Dengan menghancurkan buku, Israel mengulangi tindakan yang pernah dilakukan Nazi. Pada 10 Mei 1933, mahasiswa sejumlah kampus di Jerman membakar 25.000 buku yang tidak sesuai paham Nazi. Aksi ini menjadi awal dari serangkaian penghancuran buku oleh rezim Nazi.
Edward Said, kritikus sastra asal Palestina dan profesor di Columbia University, melihat penindasan terhadap Palestina sebagai sebuah ironi besar. Israel, korban antisemit dan Holocaust, kini berbalik menjadi pemangsa Palestina. Palestina menjadi korban dari korban.
Selain menghancurkan sejumlah pusat kebudayaan di Gaza, Israel juga berusaha membungkam kebenaran dengan mengincar jurnalis. Data dari Committee to Protect Journalists (CPJ) menunjukkan sedikitnya 90 jurnalis Palestina terbunuh. Dibanding konflik lain, perang Israel-Hamas pada 7 Oktober-31 Desember 2023 merupakan periode paling mematikan bagi jurnalis sejak CPJ mulai mengumpulkan data pada 1992.

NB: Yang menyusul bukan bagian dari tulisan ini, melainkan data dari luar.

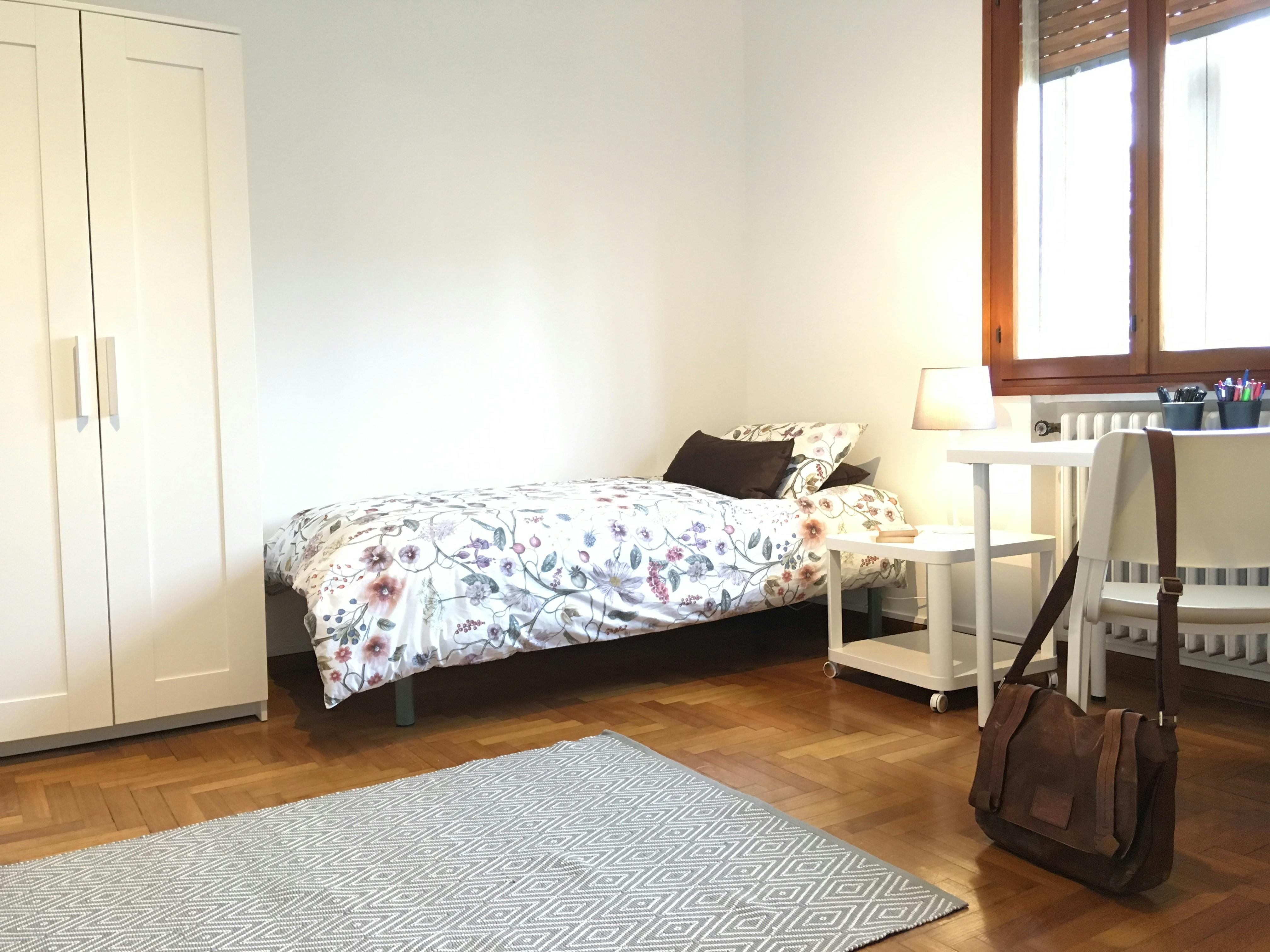 Double room Padova, 1 bed, 20m² — photo 1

Penyair Gaza dan penulis The New Yorker, Mosab Abu Toha, disiksa dan ditelanjangi tentara Israel saat akan mengungsi ke Mesir pada 19 November 2023. Toha mendirikan Perpustakaan Edward Said untuk menyediakan bacaan berbahasa Inggris bagi warga Gaza pada 2017.
”Kemerdekaan ada di dalam pikiran. Buku membuat Anda bisa membebaskan diri dengan hidup di dunia imajinasi yang tidak ada batasnya. Saya memilih merdeka lewat tulisan dan perkataan,” kata Abu Toha kepada Al Jazeera.
Sastra memiliki tempat yang istimewa bagi warga Palestina. Banyak orang terinspirasi sajak berjudul Jika Aku Mati yang ditulis Refaat Alareer pada 2011. Alareer yang juga mengajar Sastra Inggris di Islamic University of Gaza terbunuh serangan udara Israel pada 6 Desember 2023.
”Jika nanti aku mati/engkau harus tetap hidup/untuk menceritakan kisahku,” pesan terakhir Alareer lewat sajaknya.
Warga di Gaza dan sejumlah kota di AS menerbangkan layang-layang putih sebagai penghormatan kepada sang penyair. Layang-layang itu juga menjadi simbol harapan dan pesan damai agar perang segera berakhir.
”Lihatlah layang-layang yang engkau buat, terbang tinggi di langit/berharap ada malaikat di atas sana/saat pulang nanti menyemai kasih,” sajak Alareer mengajak warga Gaza tidak putus berharap.